Who created your cover art and how does it reflect your sound/the EP?
Charli Adams: Sara Carter (@arasretrac) is the artist that helped create the art for Good At Being Young. Each song on this EP is really personal, so I wanted the artwork to be as true to the song as possible. It was really special creating a specific visual that meant something to me, for each song. I would take a photo of a specific location with an idea for symbolism and Sara would bring it to life. I wanted the animation to keep the youthful essence of the EP.

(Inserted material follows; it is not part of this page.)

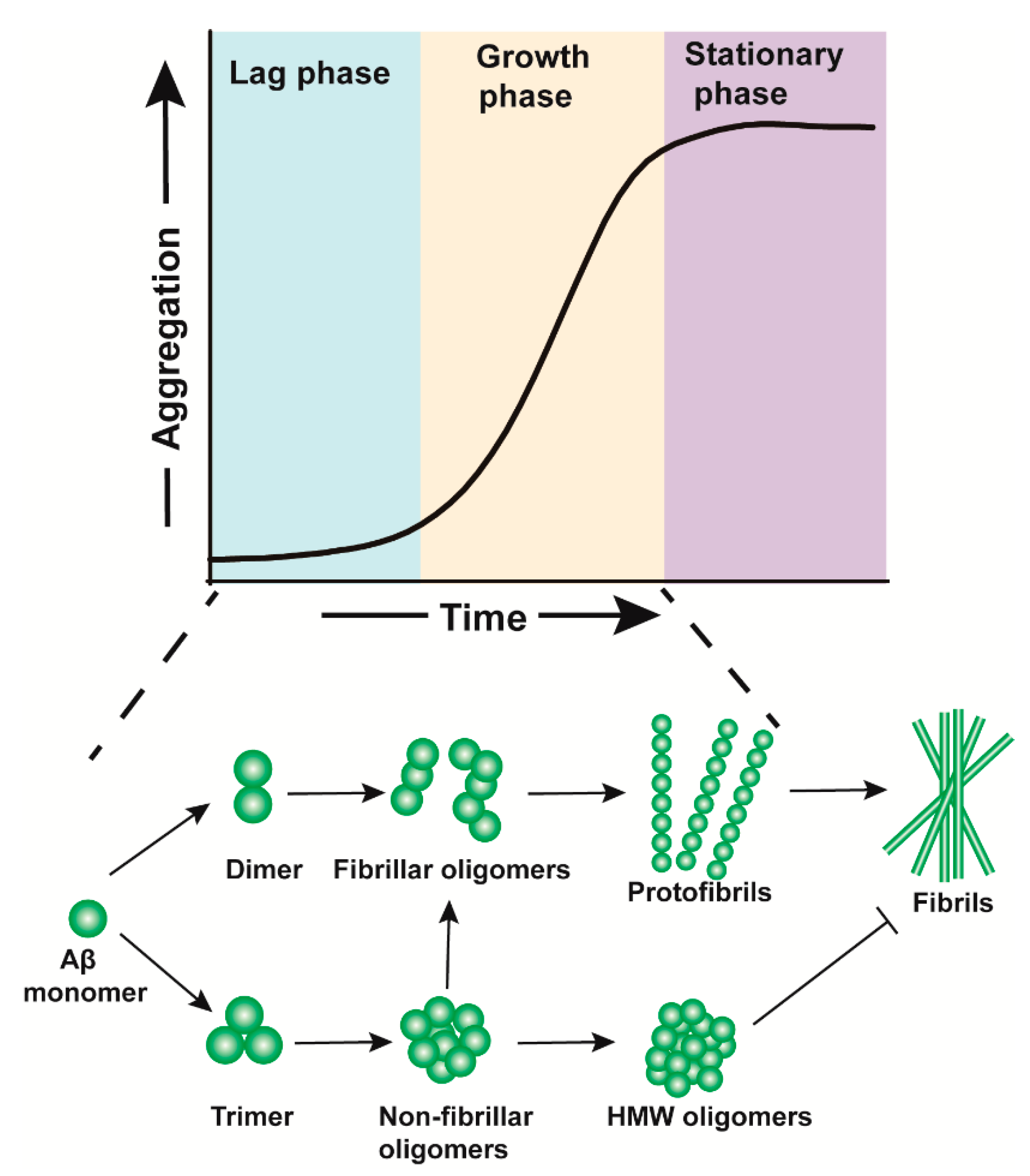 abeta amyloid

Each song on this EP is really personal, so I wanted the artwork to be as true to the song as possible.
Your EP is titled Good At Being Young. Even though you moved to Nashville on your own at 17, do you still feel “young”? Is being young an age or certain behaviors? What is “young” to you and how does it feel?
Charli Adams: Good At Being Young is really about retrieving that emotion and the feeling of youth when things get too heavy. I did grow up quickly, but that never really stopped me from giving myself fully to a moment in a childlike way. I wrote this EP during the most formative years of my life, when I was feeling everything in a really heightened way. I think that’s what being young means to me, at least in this context, feeling the current moment like it’s the first time. As I get older it is easy to lose touch of that, but that’s when I get in my car, go for a drive & put on “Kiss me, Kiss me, Kiss me” by The Cure.
You reference cars a lot in this EP — “Passenger Seat,” “Backseat” — what’s the significance of cars/driving? Do you have any must-listen-to-while-driving songs?
Charli Adams: When I was writing this EP, I spent most of my time driving. It’s how I clear my head. My car at the time only had a CD player so I would put an album in and drive until I couldn’t anymore. I once drove all the way to Memphis on accident listening to 22, A Million by Bon Iver. That record was all I listened to one fall. I have Cardinal by Pinegrove on CD as well, that’s a really great driving record. Oh, and if you’re ever driving through back roads of Tennessee, just listen to Nebraska by Bruce Springsteen.
Do you have any immediate goals for the future? What’s next?
Charli Adams: It’s been a pretty busy time. I’ve been working on the EP that will follow “Good At Being Young” and writing for an album. Last year was somewhat unpredictable, I toured in places I had never been, collaborated with artists that I admire, and met some amazing people. I’m just excited to see where this one takes me.
I once drove all the way to Memphis on accident listening to 22, A Million by Bon Iver. That record was all I listened to one fall.